Work instructions:
Lines containing the word "Megane" are the ones to copy from the records below.
[Start of section]
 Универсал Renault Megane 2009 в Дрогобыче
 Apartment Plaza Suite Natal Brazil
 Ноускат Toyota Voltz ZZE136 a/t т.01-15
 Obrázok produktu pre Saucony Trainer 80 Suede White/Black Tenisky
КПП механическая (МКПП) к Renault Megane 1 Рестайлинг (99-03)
[End of section]
[Start of section]
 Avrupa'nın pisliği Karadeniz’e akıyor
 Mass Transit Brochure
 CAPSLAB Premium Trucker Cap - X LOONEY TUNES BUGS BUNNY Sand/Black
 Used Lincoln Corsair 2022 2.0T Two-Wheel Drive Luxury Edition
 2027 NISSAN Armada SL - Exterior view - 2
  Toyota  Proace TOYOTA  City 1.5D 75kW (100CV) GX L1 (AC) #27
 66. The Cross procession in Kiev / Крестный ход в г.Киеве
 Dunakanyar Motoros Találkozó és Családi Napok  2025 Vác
[End of section]
Response below:
 Универсал Renault Megane 2009 в Дрогобыче
КПП механическая (МКПП) к Renault Megane 1 Рестайлинг (99-03)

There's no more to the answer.